29/10/2014 06:48 GMT | Updated 28/12/2014 05:59 GMT

When Did Patriotism Become Synonymous With Persecution?

Nationalism, patriotism and conservatism (with a small c) are principles that have been influential throughout British History. They have helped shape our sense of identity and define our culture, despite the argument as to what that exactly constitutes.

In my humble opinion there are not many things that evoke a greater sense of national pride than a rousing rendition of 'Land of Hope and Glory' or the thought of Winston Churchill defiantly declaring "we shall fight them on the beaches..."

However, in recent years it seems the sense of national pride that one should rightly feel for being British has been hijacked. Groups and organisations, such as the English Defence League and Britain First, have utilised the rhetoric of supposed patriotism to excuse the persecution of those who are different.

In one of the first short documentaries I ever made I spent time with the EDL as they protested against the opening of an Islamic youth centre. The EDL describe themselves as a street activist movement against the Islamification of British society. Tommy Robinson the founder and ex leader of the group claimed they were not a racist organisation and were solely opposed to what he refers to as 'radical Wahhabi Islam'. With that in mind I turned up to film with my cameraman Ally (short for Alamein), who is British born and raised, but of Iraqi heritage. However, we were denied access to film until we concocted the lie of Ally being short for Alessandro and him being of Italian descent. The clear basis of their thought process being how could someone who doesn't look like us be British?

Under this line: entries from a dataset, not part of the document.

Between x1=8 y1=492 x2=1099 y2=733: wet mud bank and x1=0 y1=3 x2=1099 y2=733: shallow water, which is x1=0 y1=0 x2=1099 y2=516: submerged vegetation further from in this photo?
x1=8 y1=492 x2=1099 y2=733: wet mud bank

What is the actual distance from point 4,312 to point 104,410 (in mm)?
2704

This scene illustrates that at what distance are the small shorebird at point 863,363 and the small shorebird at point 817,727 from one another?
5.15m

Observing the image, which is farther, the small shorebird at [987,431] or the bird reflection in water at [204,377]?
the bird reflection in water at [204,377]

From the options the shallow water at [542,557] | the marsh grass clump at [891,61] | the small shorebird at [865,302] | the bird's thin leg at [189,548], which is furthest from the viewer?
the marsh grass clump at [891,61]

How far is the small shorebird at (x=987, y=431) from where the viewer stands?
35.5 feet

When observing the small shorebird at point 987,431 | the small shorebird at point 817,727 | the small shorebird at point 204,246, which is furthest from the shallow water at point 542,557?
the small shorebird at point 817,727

Over the last few months I have been hoping to create a short documentary with Britain First. They are a slightly different entity from the EDL and cite the defence of Christianity as their primary aim. The group propagates the idea that an inherently Christian nation (that has 12% of its population attend church weekly) is under siege from immigration and Islam. So far in my attempts to get Britain First to agree to filming, I have been rebuffed. Jim Dowson co-founder and now ex member of the group informed me that my proposal to create a film aimed at a predominantly student demographic would not be agreeable to Britain First as students are intrinsically 'left wing'.

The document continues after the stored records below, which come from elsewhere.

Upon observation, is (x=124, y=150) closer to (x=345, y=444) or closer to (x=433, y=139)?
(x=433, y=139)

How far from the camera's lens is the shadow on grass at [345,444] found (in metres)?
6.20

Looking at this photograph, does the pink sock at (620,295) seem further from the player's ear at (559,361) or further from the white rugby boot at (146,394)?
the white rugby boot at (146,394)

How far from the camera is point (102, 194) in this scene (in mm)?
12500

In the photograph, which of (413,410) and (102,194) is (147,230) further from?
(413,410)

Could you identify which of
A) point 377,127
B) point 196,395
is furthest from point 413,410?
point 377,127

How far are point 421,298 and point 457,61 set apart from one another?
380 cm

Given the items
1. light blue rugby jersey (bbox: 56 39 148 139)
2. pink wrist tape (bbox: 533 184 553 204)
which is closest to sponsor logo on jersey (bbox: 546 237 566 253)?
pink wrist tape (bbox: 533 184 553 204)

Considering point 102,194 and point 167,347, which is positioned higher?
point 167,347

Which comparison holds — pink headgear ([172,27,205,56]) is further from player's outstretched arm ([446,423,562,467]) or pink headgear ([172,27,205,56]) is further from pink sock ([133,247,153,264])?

I have always been fascinated by the Cecil Rhodes quote "to be born an Englishman is to have come first in the lottery of life". With unashamed bias, I agree with the sentiment, however, if you were to interpret that quote literally and had not come first in a game of chance should that be reason enough to condemn you or consider you unequal?

The aforementioned groups have specialised in using the emotive last stand rhetoric of years gone by, the difference being this time that there is no army marauding across Europe threatening our very sovereignty. With this in mind, the focus has changed to our sense of identity; however, we are not a single homogenous group. Britain is, and always has been a set of varying countries, traditions and people melded together in an arguably meritocratic society.

A fundamental part of patriotism is taking pride in our tolerant liberal democracy and in the words of Robert Ingersoll "tolerance is giving every other human being every right you claim for yourself". I understand there is an economic argument to be had (for another day) and I don't reject it, however it should not be in place of a moral one.

Perhaps the most unpatriotic thing to have occurred in modern times is the denigration of our flags and symbols to have connotations of bigotry and intolerance.